Work order => Write again exactly the lines in the listing below, starting at the line with "It's a big problem" and ending at the line with "It features a", both included. Pictures are not copied.

Information provided =>

──────────

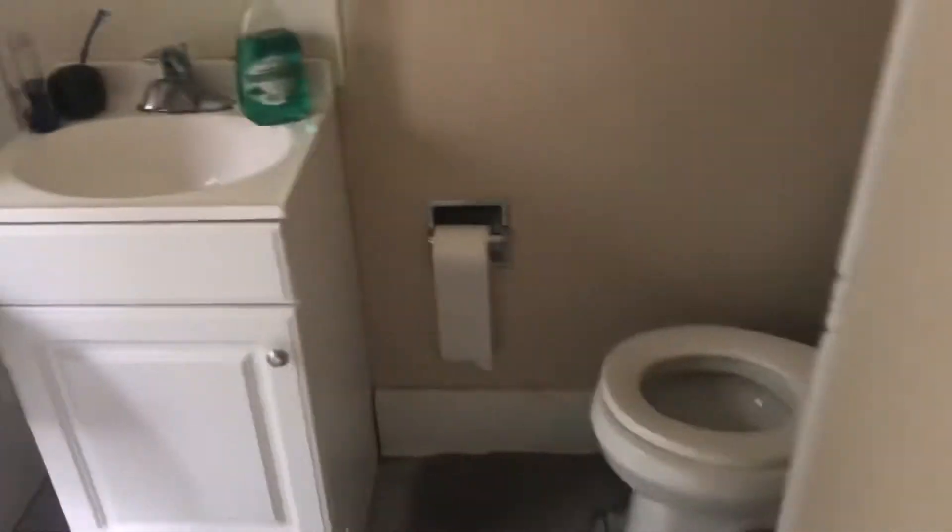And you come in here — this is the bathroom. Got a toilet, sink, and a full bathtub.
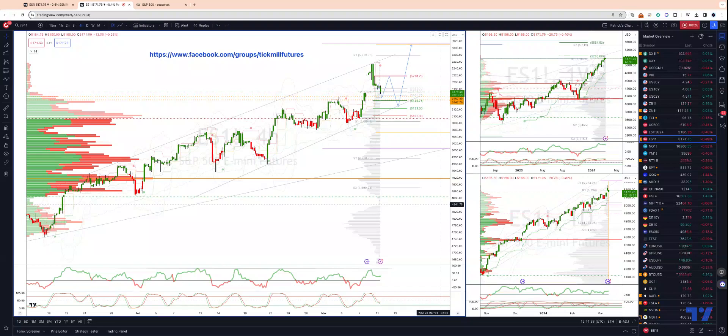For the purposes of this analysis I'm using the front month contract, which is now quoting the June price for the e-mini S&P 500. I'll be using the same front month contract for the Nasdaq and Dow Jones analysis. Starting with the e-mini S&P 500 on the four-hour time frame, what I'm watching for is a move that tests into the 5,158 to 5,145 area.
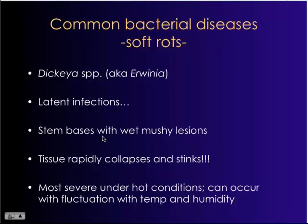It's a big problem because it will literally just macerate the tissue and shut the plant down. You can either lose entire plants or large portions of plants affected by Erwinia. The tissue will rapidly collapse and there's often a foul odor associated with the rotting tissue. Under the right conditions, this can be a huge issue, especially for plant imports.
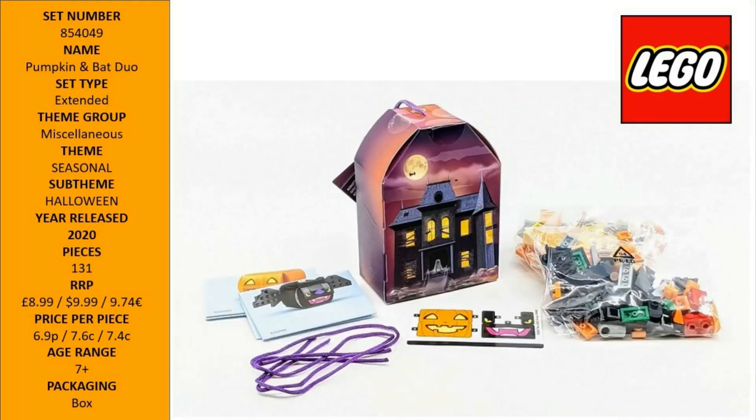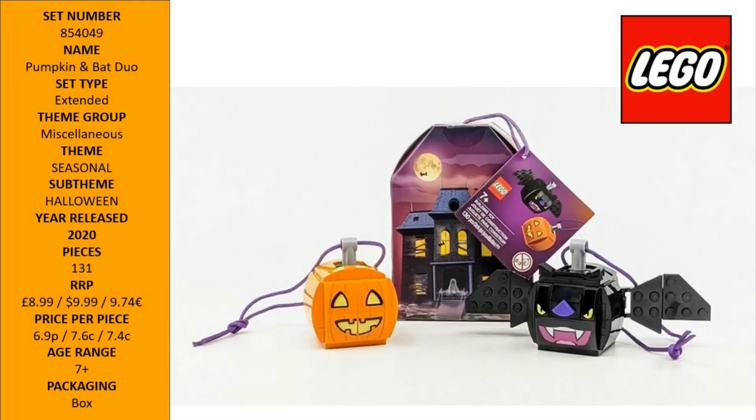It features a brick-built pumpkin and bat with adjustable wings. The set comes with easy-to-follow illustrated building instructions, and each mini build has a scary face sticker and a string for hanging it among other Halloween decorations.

──────────

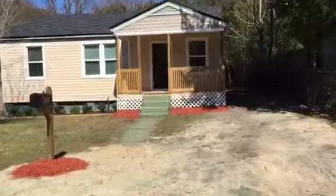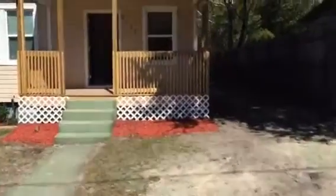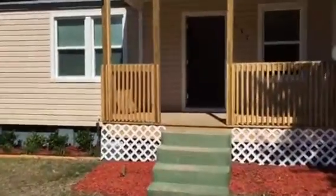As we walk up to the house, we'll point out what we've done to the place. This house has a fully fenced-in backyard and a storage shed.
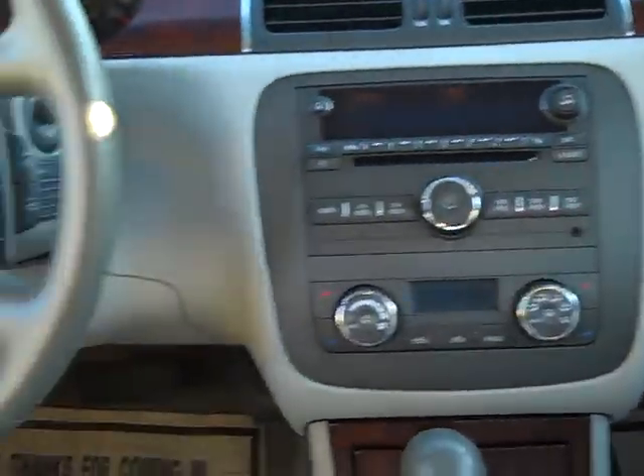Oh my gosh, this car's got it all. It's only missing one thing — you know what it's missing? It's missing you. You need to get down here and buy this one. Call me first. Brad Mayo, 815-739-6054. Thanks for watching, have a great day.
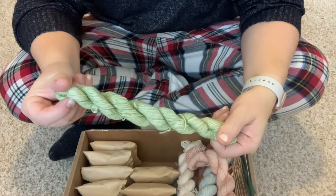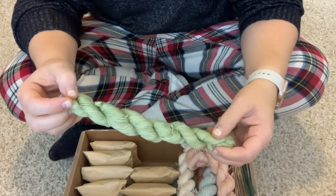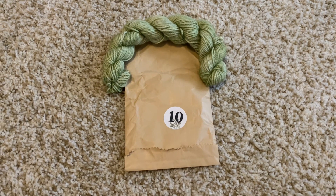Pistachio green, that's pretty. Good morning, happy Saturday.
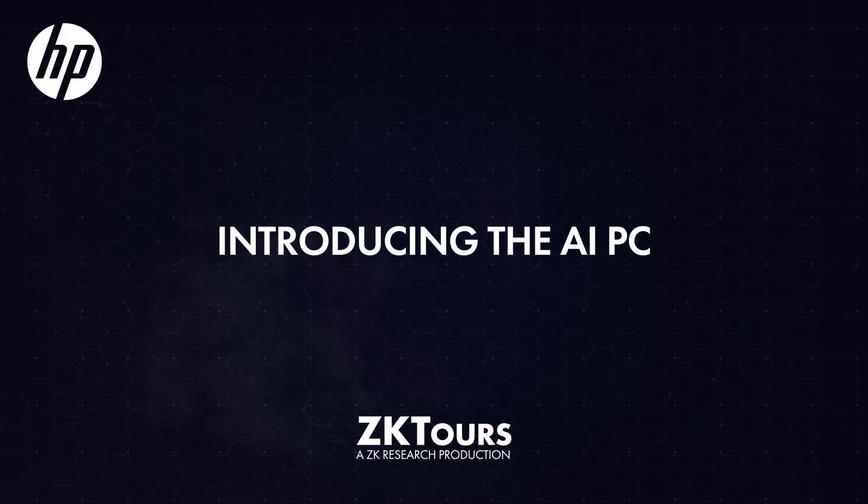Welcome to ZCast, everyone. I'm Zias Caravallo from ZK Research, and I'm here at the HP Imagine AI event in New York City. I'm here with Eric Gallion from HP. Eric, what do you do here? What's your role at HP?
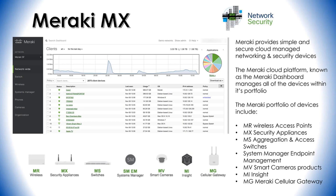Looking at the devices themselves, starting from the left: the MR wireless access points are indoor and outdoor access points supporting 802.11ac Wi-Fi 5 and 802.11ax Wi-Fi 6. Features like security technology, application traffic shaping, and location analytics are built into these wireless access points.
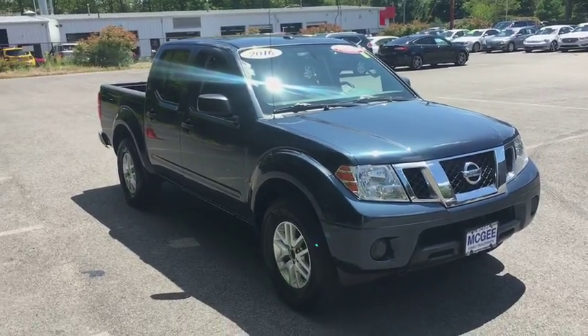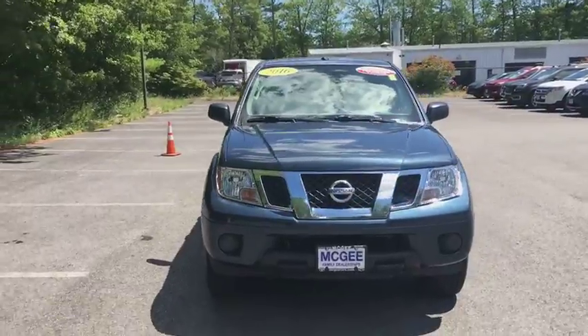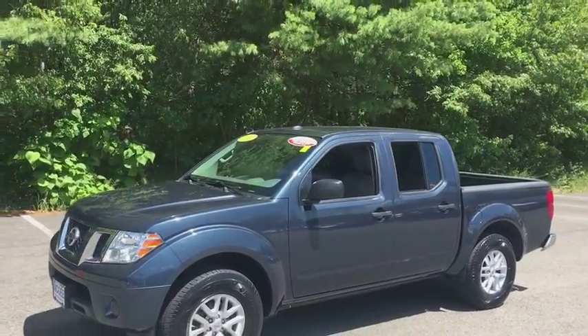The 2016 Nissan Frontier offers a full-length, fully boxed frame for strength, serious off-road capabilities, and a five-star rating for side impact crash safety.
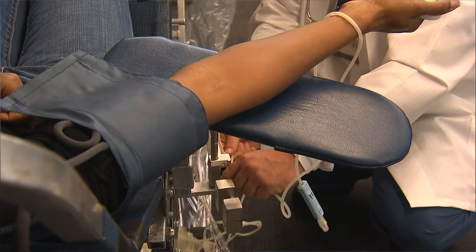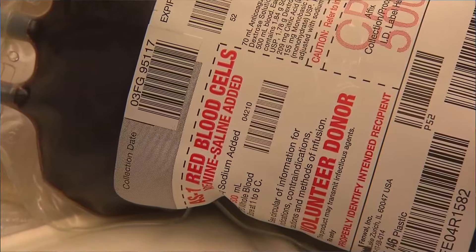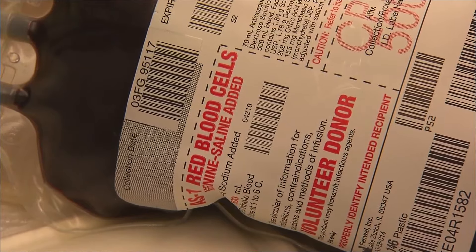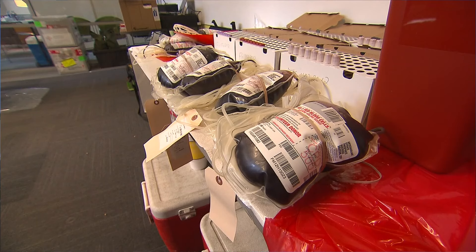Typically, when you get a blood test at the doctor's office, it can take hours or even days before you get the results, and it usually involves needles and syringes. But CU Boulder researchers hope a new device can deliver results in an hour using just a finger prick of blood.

──────────

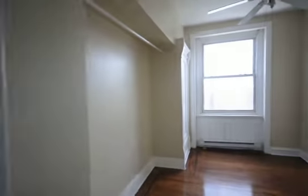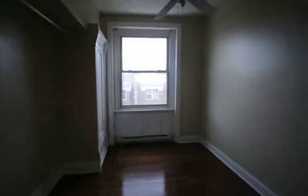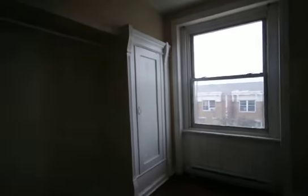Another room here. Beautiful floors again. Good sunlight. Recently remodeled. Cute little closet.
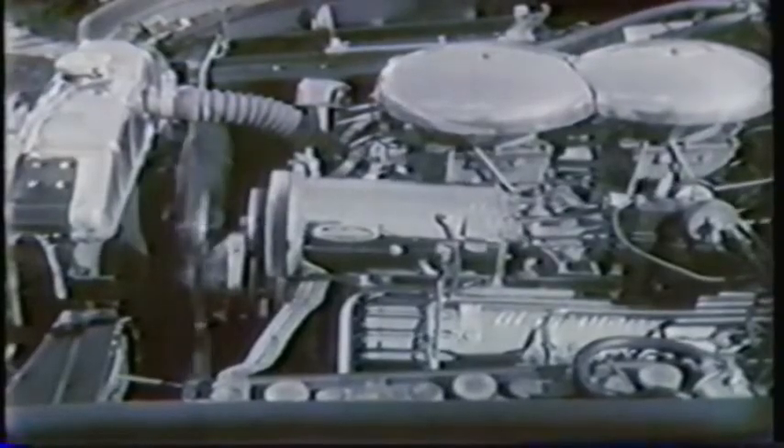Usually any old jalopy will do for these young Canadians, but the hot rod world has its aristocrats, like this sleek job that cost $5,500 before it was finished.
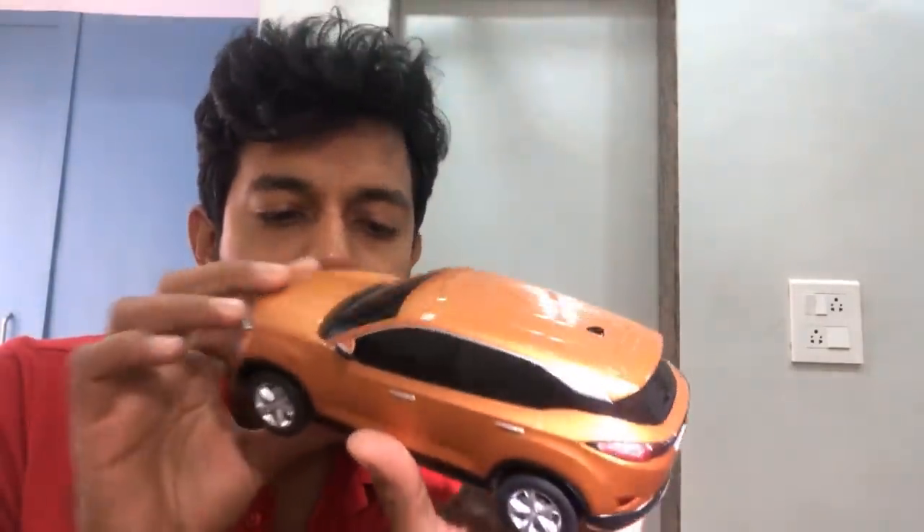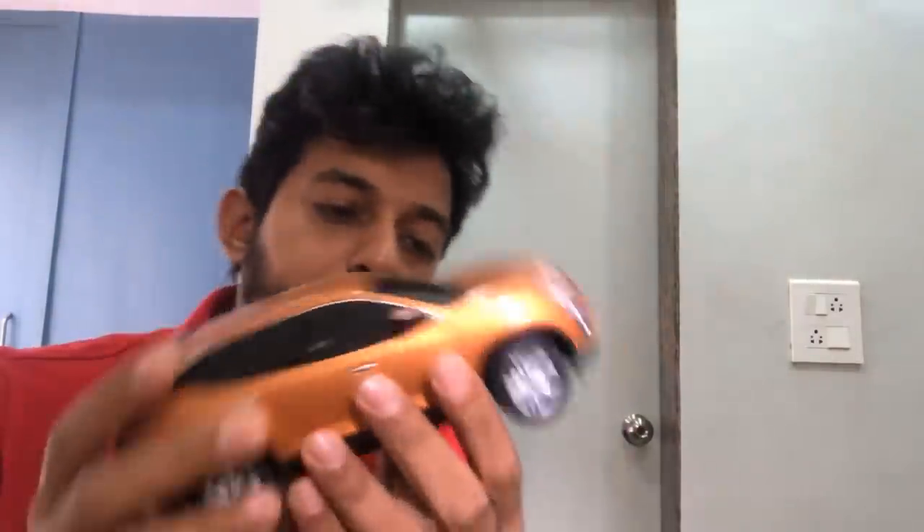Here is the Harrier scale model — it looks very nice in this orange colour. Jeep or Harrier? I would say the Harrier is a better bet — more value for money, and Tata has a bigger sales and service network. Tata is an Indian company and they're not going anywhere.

──────────

Solution below =>
It's a big problem because it will literally just macerate the tissue and shut the plant down. You can either lose entire plants or large portions of plants affected by Erwinia. The tissue will rapidly collapse and there's often a foul odor associated with the rotting tissue. Under the right conditions, this can be a huge issue, especially for plant imports.
It features a brick-built pumpkin and bat with adjustable wings. The set comes with easy-to-follow illustrated building instructions, and each mini build has a scary face sticker and a string for hanging it among other Halloween decorations.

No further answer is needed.